The matter was referred to a five-judge Constitution Bench because of a conflict between three-judge bench decisions. In Challappan v. State of Kerala, a three-judge bench had held that even under the second proviso, some form of hearing was required before imposing penalty. In M. Gopala Krishna Naidu v. State of Madhya Pradesh, another three-judge bench had taken a contrary view. The Constitution Bench heard all pending cases together and resolved the conflict.
Ratio decidendi
The three exceptions are complete
The Court held that the second proviso to Article 311(2) provides three independently sufficient grounds for dispensing with the inquiry:
Clause (a) — Criminal conviction: When a civil servant is dismissed on the ground of conduct that led to criminal conviction, no departmental inquiry is required. The conviction by a competent court establishes the misconduct. The disciplinary authority need only satisfy itself that the conviction is relevant to the civil servant's fitness for service and impose an appropriate penalty.

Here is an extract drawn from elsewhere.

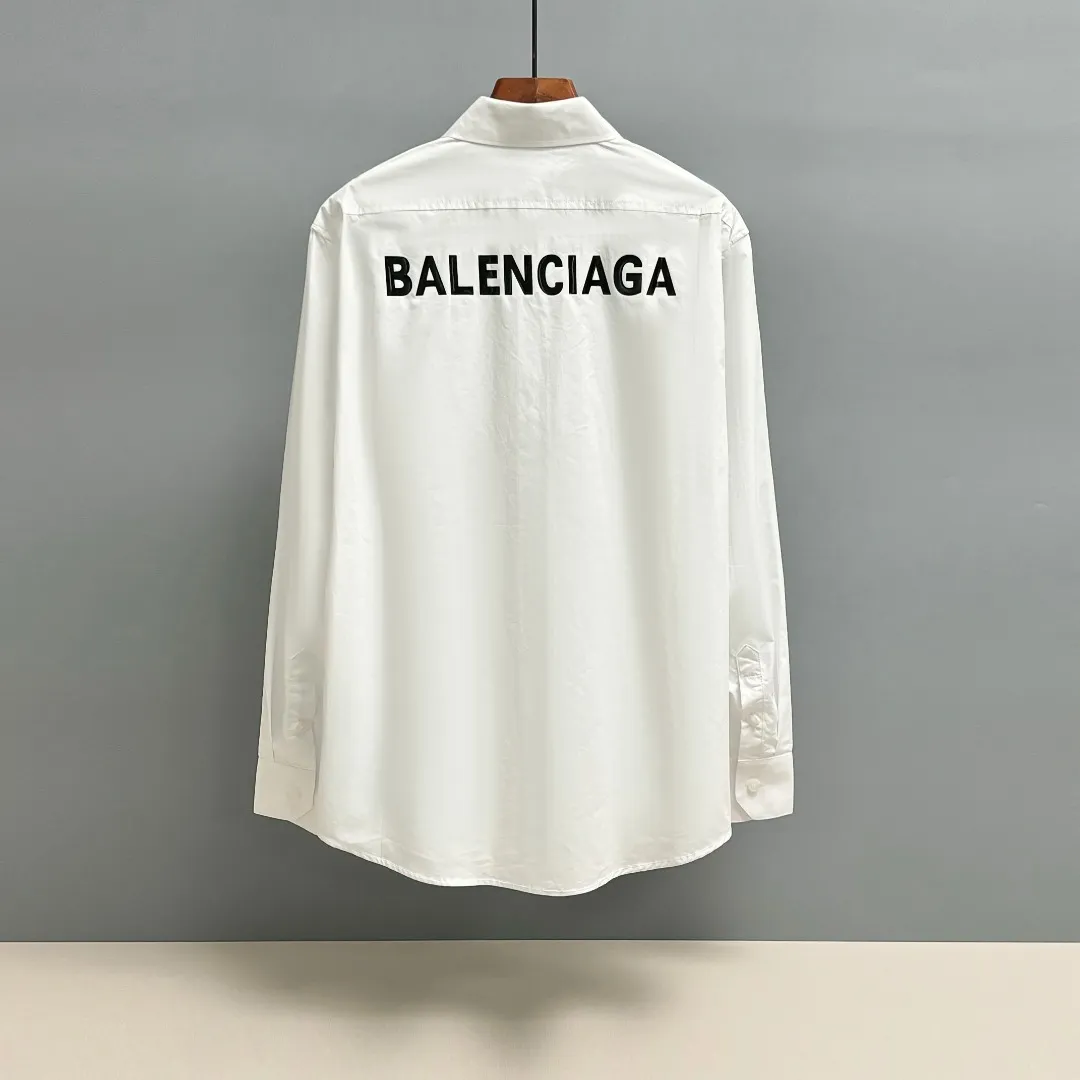 🅿️220 BALENCIAGA/Balenciaga early autumn thick plate printed shirt. Customized classic 40-count plain weave imitation Tencel Paris shirt fabric. Loose version. Three-dimensional upper body. Smooth and natural lines. From shoulder line to waistline to hem. Smooth transition of lines. No unnecessary folds or accumulation. The whole body is neat and stretched. Customized Paris logo engraved button. Patch pocket design on the left side of the chest. Matched with balenciaga imported thick glue printing embellishment on the back panel. The printing fits perfectly with the fabric. There will be no problems such as color fading, peeling off, etc. Size: S M L XL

Clause (b) — Impracticability: When the disciplinary authority records, in writing, reasons for its satisfaction that holding an inquiry is not reasonably practicable, the inquiry can be dispensed with. "Not reasonably practicable" means practical impossibility — not mere inconvenience. The written reasons are essential and their absence vitiates the action.
Clause (c) — Security of state: When the President (for central services) or Governor (for state services) is satisfied that in the interest of the security of the State, holding an inquiry is not expedient, the inquiry can be dispensed with. This power must be exercised by the constitutional head personally (not delegated) and must relate to genuine security concerns.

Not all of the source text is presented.